Oops. Do you think the report got next-day trumpeting from the Times? Best think again.

The noted Russian economist Konstantin Sonin of the prestigious Kellogg School of Management at Northwestern University calls Earle “one of the world’s leading specialists in analyzing data from businesses in transitional economies.” Stuckler? Not so much. Sonin ridicules the Times for impulsively announcing the far less qualified Stuckler’s conclusion, which of course falls right in line with the Times’ neo-socialist worldview, while ignoring those of Earle.

Sonin says that Earle and Gehlbach used “more accurate statistical methods and data” and subjected their work to “stricter review prior to publication.” They could not duplicate Stuckler’s results, proving that those results were so much ideological claptrap.

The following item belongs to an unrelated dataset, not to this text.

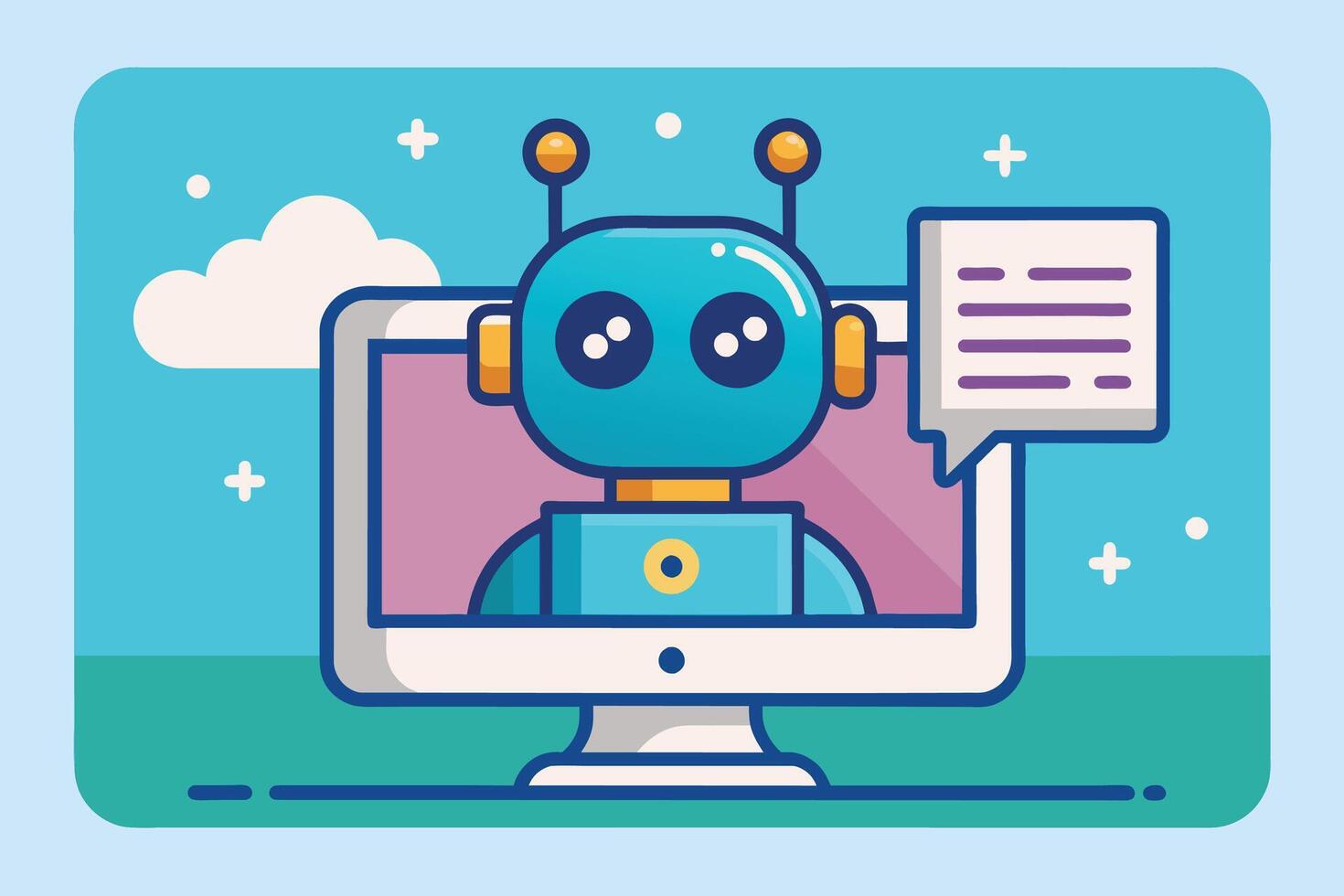 An illustration of a blue robot with antennas and large eyes, inside a computer screen, with a speech bubble containing text. vector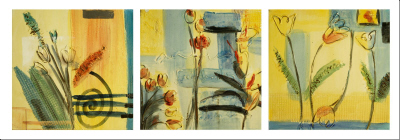 cuadro tríptico abstracto "Combinación floral moderna"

Ironically, just the day before Dempsey’s article came out the Times own blog, Economix, had reported on the reaction of Jeffrey Sachs, who had been the architect along with Russia’s Yegor Gaidar of the “shock therapy” high-speed transition to capitalism. Sachs called Stuckler’s conclusion “completely wrong.” And Earle himself published a comment on The Lancet a few months after Stuckler’s article appeared calling his results rubbish.

But the Times didn’t care about any of that. Nor did the Times pause to consider the fundamental assumption underlying Stuckler’s work: that the pre-Soviet population growth records he relied on to compare to democratic Russia’s performance were accurate. In other words, Stuckler assumed that the Communist overlords of Soviet Russia wouldn’t lie and understate the mortality rate among Russian men, not even if it made them look bad.